Canada Has Already Tested the Cost of Moving First
Ottawa’s handling of the Digital Services Tax has become the clearest warning against unilateral concessions. Canada planned a three per cent levy on certain Canadian-source revenues earned by large digital businesses. In June 2025, after Trump halted trade discussions and called the tax unacceptable, the Carney government suspended collection and announced that it would rescind the measure so negotiations could resume. The repeal later received royal assent in March 2026.

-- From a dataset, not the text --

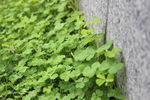 四叶草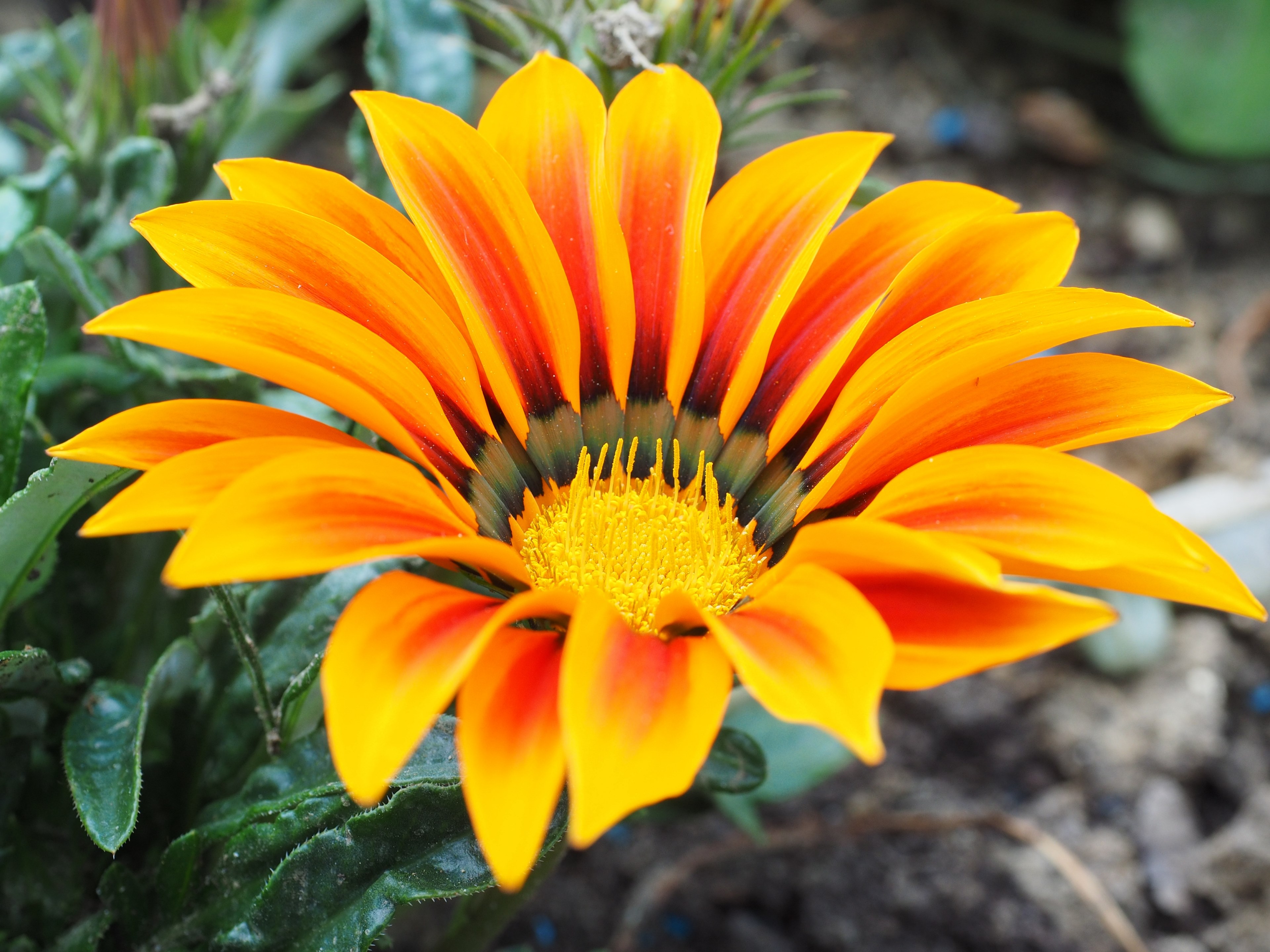 gazanie flower blossom bloom yellow orange bloom 4k, HD Wallpaper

The concession produced an immediate procedural result: Washington said talks would restart. It did not produce lasting certainty. Months later, the countries remained divided, U.S. tariffs were still affecting major sectors, and reports emerged that Washington wanted additional concessions before formal CUSMA bargaining. Critics therefore see the tax reversal as evidence that giving something away early may only reset the negotiating table rather than secure a durable exchange. Canadian officials now have a strong political reason to demand simultaneous, measurable commitments—especially tariff relief—before surrendering another policy that cannot easily be restored.

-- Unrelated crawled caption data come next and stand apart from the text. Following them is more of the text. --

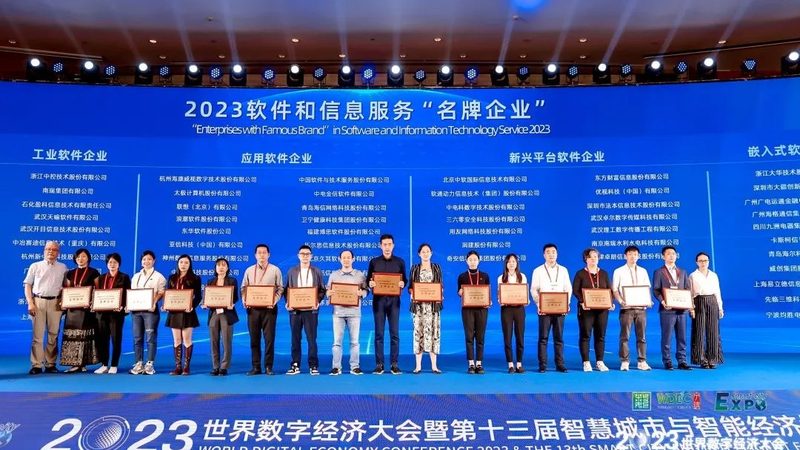 定制开发软件：深入了解其利与弊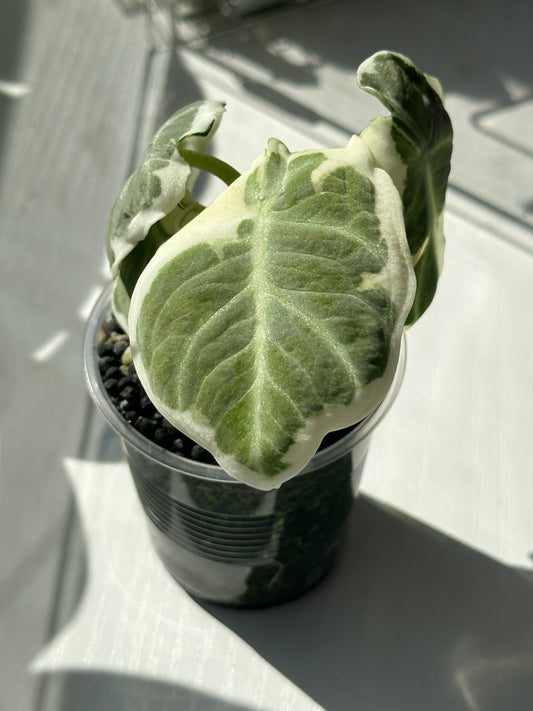 Variegated Black Velvet Alocasia ‘Ninja’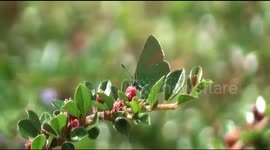 Green Hairstreak butterfly Callophrys rubi feeding on Cotoneaster flowers, resting on old bluebells in Stroud garden, Gloucestershire, England
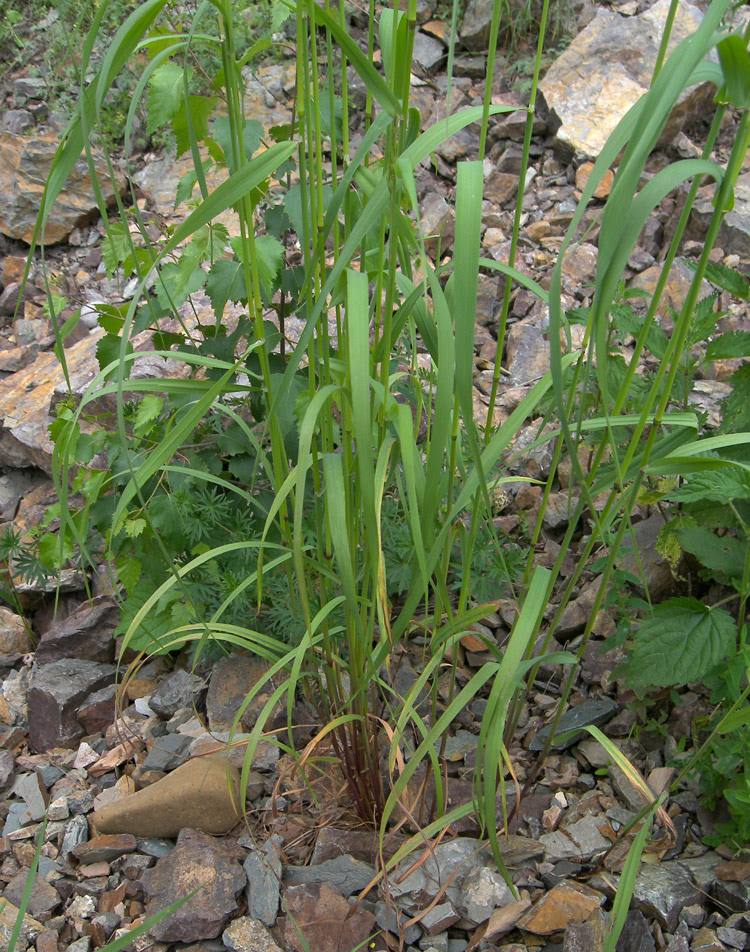 Image of Arrhenatherum elatius specimen.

The Economic Stakes Run in Both Directions
Canada is more exposed to the United States, but the relationship is not one-sided. U.S. government data show that two-way goods trade with Canada reached about US$719.5 billion in 2025, while services trade totalled roughly US$150.2 billion. Canada was the second-largest market for U.S. goods exports, and the United States ran a services surplus of nearly US$29 billion. Canadian demand supports American farms, factories, transport firms and professional-service providers far beyond the border states.
The broader North American market is even larger. LeBlanc’s formal renewal letter described a regional economy of more than 500 million consumers and roughly US$1.9 trillion in annual trilateral goods-and-services trade. American farm organizations have urged renewal because Canada and Mexico together buy tens of billions of dollars in U.S. agricultural products each year. Those figures do not erase the power imbalance, but they complicate claims that America has nothing to lose. A prolonged fight would not remain confined to Ottawa press conferences; costs would travel through grocery aisles, assembly lines and freight networks in all three countries.

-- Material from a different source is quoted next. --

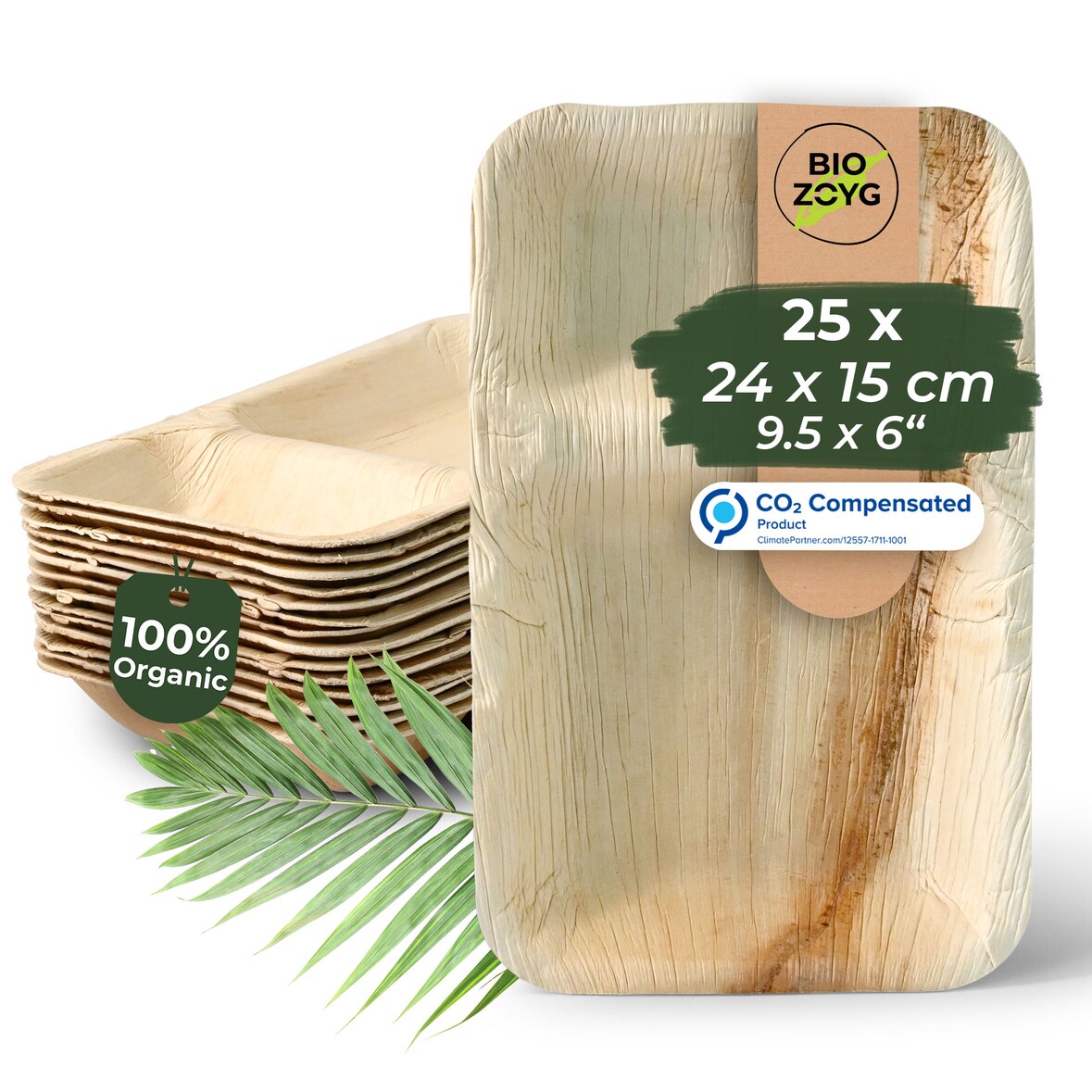 BIOZOYG 25 Stück Einwegteller Menüschale 24x15cm, Palmblatt Geschirr, Palmblatt Teller, rechteckige Menüteller mit 2 Kammern, biologisch abbaubar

Carney Is Keeping the Door Open Without Promising a Deal
Canada’s official position is deliberately constructive. LeBlanc’s June letter recommends another 16-year term, acknowledges that partners may propose improvements and says Ottawa will consider changes that benefit all three economies. At the same time, it identifies relief from sectoral tariffs as essential. That combination allows Canada to defend CUSMA without accepting that every U.S. complaint is valid or that renewal must come at any cost.
The practical strategy appears to be patience backed by preparation. Hoekstra has said the countries are not close to an interim framework, while Carney has argued that Canada could sign a bad deal quickly but will not do so. He has also suggested that the decisive moment may eventually require direct leader-to-leader bargaining with Trump. If no extension is agreed immediately, annual reviews provide more time, though at the cost of uncertainty. Burney’s warning therefore sets the test for Ottawa: remain willing to negotiate, but do not confuse access to the table with an outcome worth paying for.